Re: dataset syntax metadata from Sandro Hawke on 2012-09-26 (public-rdf-wg@w3.org from September 2012)

From: Sandro Hawke <sandro@w3.org>
Date: Wed, 26 Sep 2012 10:37:25 -0400
To: Andy Seaborne <andy.seaborne@epimorphics.com>
CC: public-rdf-wg@w3.org
Message-ID: <50631325.3010407@w3.org>

On 09/26/2012 10:09 AM, Andy Seaborne wrote:
>
>
> On 26/09/12 13:53, Sandro Hawke wrote:
>> I'm surprised at some of the responses about the metadata questions in
>> my "Dataset Syntax - checking for consensus" email [1].
>>
>> When people publish RDF for real, don't they usually put some triples in
>> it which indicates who created it, when it was created, and maybe why?
>> Maybe some folks don't do this, but many people consider this an
>> essential practice.   My sense is that every computer format either has
>> a metadata mechanism built into it, or one somehow gets hacked in later
>> (like the javadoc conventions).  In a few cases (like the Adobe formats)
>> that metadata is expressed in RDF.
>
> We have RDF -  it can already express metadata!
>
>> When people publish an RDF dataset, aren't they going to want to do the
>> same thing?
>
> Dunno - maybe they are just putting a collection of graphs on the web 
> and linking to it (e.g. N-Quads dumps).
>
> The "what it is" and "where it came from" is out-of-band e.g. on the 
> web page linking to the file.
>

My understanding is that in many situations, embedded metadata (in 
contrast to metadata that has to be maintained elsewhere) has proven its 
value enough to be considered an absolute requirement.

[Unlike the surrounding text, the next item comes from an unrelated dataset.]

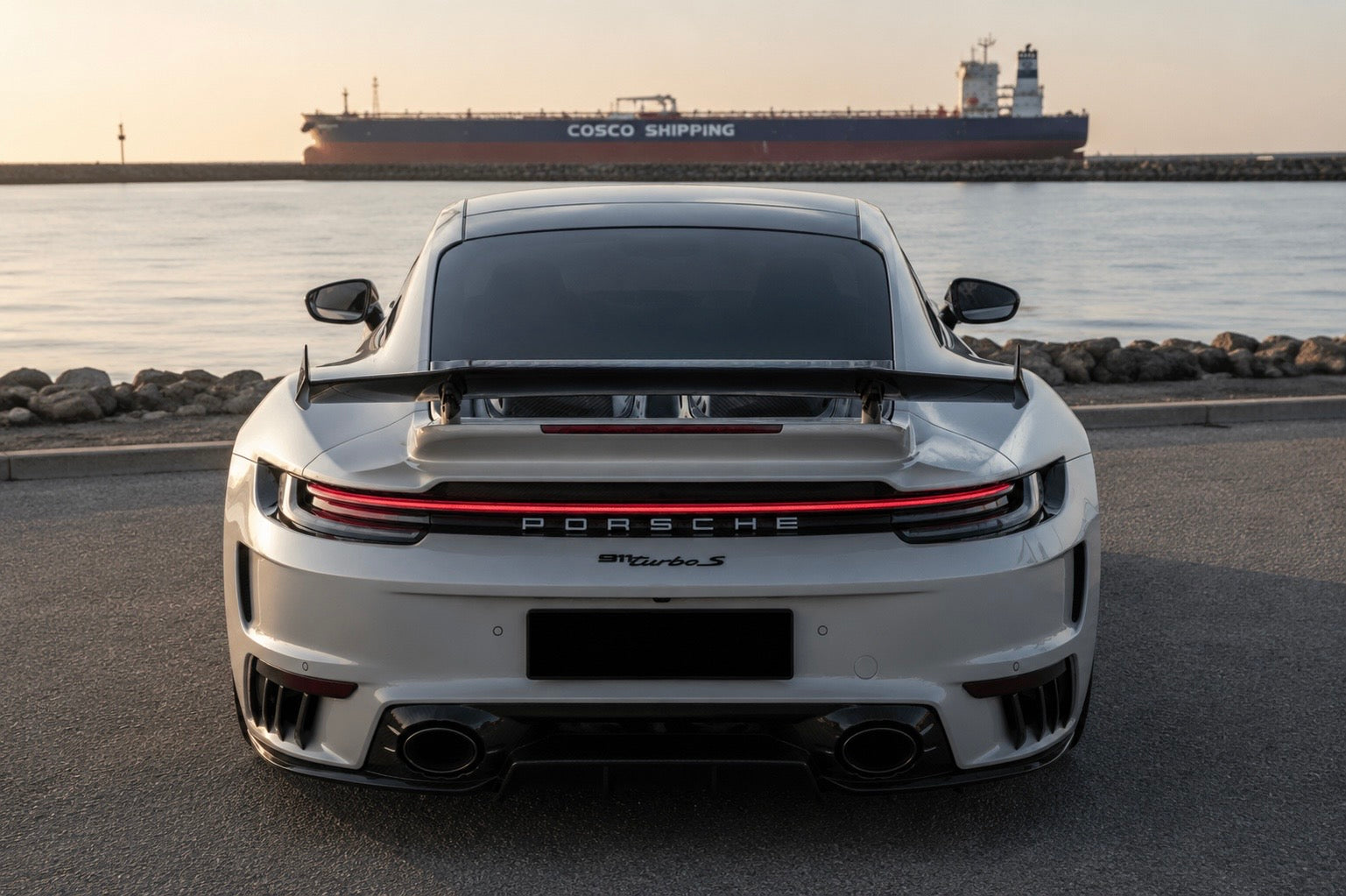 Porsche 911 (992) T.C Style Carbon Fiber Trunk Spoiler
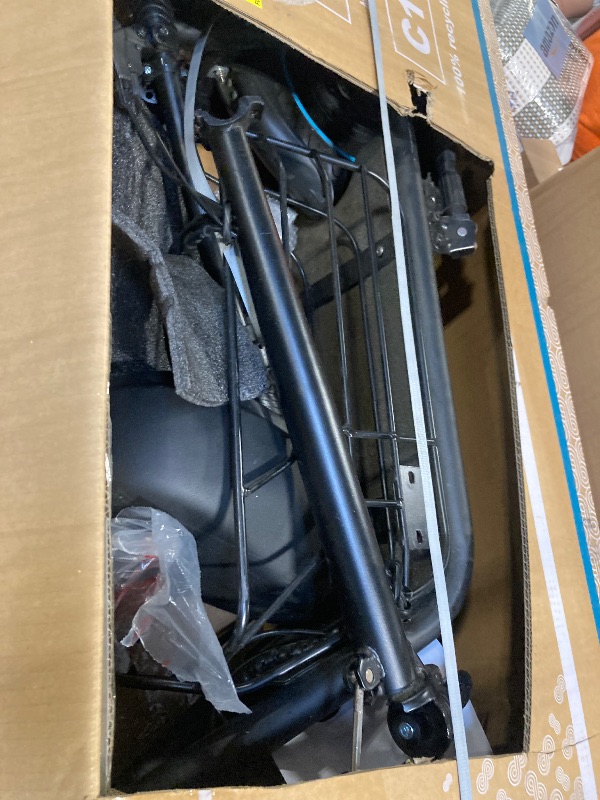 Photo 1 of ** SOLD AS IS NO REFUND/RETURN** SEE COMMENTS 
Gyroor C1S Electric Scooter with Seat for Adults - 550W Motor, Pet Basket, 19 MPH Top Speed, 20 Miles Range, 12" Pneumatic Tires, Foldable Commuting Scooter, Black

>> Yes, sometimes you can just throw that metadata into a named graph, but
>> what if (a) you don't get a chance to tell the consumer which named
>> graph you put it in, and (b) some named graphs are opaque/untrustred,
>> perhaps because they contain old information or information from other
>> souces (eg a Web Crawl).    (While these might not be the cases you work
>> with, it seems to me they'll be quite common if this syntax ever catches
>> on.)
>>
>> Folks who are not convinced we need a metadata mechanism -- how do you
>> imagine solving this problem?  How can someone reading a serialized
>> dataset figure out which triples are the metadata?
>
> Can't they look for it with a query?
>
> SELECT * { GRAPH ?g { :s rdf:type :metadataRecord } }
>

No, because (in case (b) above) there might be some obsolete or 
incorrect metadataRecords in some of the data being managed.

> although the unnamed graph is a good place to put it IMO.
>
> Just don't invent a fixed name for the metagraph.
>

The Giant Global Graph?  :-)

I think you're saying not to use something like:

      <http://www.w3.org/ns/metagraph> { ... metadata here ... }


That hadn't even occurred to me, and I don't really like it.

I think it would be better than nothing, though -- it would at least 
address the use case of a client just given a dataset figuring out how 
the dataset was intended to be used.    If the group does NOT provide a 
standard metadata mechanism, this might end up being the best option in 
the community, sadly, since at least it minimizes any kind of conflict 
or misunderstanding.

       -- Sandro

>     Andy
>
>
>

Received on Wednesday, 26 September 2012 14:37:40 UTC